As it turns out, there are some undocumented registry parameters that affect NTBackup’s performance:
- HKCU\Software\Microsoft\Ntbackup\Backup Engine\Logical Disk Buffer Size — the default value is 32; Microsoft changed it to 64.
- HKCU\Software\Microsoft\Ntbackup\Backup Engine\Max Buffer Size — the default value is 512; Microsoft changed it to 1024.
- HKCU\Software\Microsoft\Ntbackup\Backup Engine\Max Num Tape Buffers — the default value is 9; Microsoft changed it to 16.
With these changes they were able to get ~1.2GB per minute, enough to meet the window. They arrived at these values through testing, so make sure you test in your environment to find out the best values for your configuration.
There are advantages to backing up the individual databases rather than the storage group. The main benefit is that it creates a set of smaller files that can be moved to tape from the passive server with multiple streaming jobs, making better use of the tape device pool and allowing a higher number of concurrent backup streams. Depending on the media used, you can eliminate spanning multiple media.

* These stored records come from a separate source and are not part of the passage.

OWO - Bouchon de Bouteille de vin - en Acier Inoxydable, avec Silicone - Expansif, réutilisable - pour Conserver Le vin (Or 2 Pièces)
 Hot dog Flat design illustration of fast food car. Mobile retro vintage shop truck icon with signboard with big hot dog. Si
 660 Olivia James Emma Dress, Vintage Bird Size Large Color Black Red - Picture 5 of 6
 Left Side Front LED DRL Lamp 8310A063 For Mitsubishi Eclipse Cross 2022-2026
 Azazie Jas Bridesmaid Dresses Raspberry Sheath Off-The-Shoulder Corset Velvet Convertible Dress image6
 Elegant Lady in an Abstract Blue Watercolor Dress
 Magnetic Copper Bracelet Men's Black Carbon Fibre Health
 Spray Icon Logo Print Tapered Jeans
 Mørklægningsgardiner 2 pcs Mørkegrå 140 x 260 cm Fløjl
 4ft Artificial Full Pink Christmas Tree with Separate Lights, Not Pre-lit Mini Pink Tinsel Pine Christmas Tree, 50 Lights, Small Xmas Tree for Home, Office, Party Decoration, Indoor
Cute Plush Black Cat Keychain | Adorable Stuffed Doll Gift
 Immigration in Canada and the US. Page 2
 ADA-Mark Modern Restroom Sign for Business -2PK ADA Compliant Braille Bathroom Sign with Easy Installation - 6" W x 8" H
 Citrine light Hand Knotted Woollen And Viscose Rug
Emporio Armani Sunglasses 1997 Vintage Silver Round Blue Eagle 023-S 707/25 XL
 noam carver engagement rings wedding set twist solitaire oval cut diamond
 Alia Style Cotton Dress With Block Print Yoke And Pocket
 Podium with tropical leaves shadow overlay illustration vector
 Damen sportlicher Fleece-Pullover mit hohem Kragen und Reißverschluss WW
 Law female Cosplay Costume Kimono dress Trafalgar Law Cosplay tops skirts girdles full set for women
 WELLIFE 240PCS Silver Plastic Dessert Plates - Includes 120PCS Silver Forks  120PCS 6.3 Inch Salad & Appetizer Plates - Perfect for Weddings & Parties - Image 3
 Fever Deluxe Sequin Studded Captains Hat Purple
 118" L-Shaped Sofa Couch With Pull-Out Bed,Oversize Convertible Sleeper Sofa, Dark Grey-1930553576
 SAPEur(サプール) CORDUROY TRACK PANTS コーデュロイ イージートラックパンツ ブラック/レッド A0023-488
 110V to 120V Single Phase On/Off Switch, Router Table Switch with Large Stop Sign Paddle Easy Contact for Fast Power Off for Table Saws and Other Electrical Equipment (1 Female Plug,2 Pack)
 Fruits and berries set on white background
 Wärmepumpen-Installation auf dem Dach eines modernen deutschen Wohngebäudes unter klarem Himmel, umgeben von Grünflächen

I’d somehow managed to miss this detail in the article on the Microsoft IT Showcase website, but it is there, along with a wealth of other detail. Give it a look if you haven’t already.
The other tidbit for the night is to check out the new version of Jetstress. The most obvious difference is that it’s now a GUI utility rather than the command-line utility we’ve all come to know and love. There’s also been a change in the recommendations for using Jetstress. Previously, Microsoft recommended that you use a test database one-twentieth to one-tenth of the size of your expected production database size. It turns out that this recommendation is likely to cause a condition known as short-stroking, which is when the disk head only moves over a small portion of the platter instead of the full distance. Short-stroking artificially reduces the head seek time which elevates your disk throughput benchmarks far past levels that you can sustain under production circumstances with fully populated databases.
Instead, you should use something much more representative of your final database size — at least 70%, preferably 100% if you have the capacity in your test lab. As always, the best test scenario is as close to production as you can get.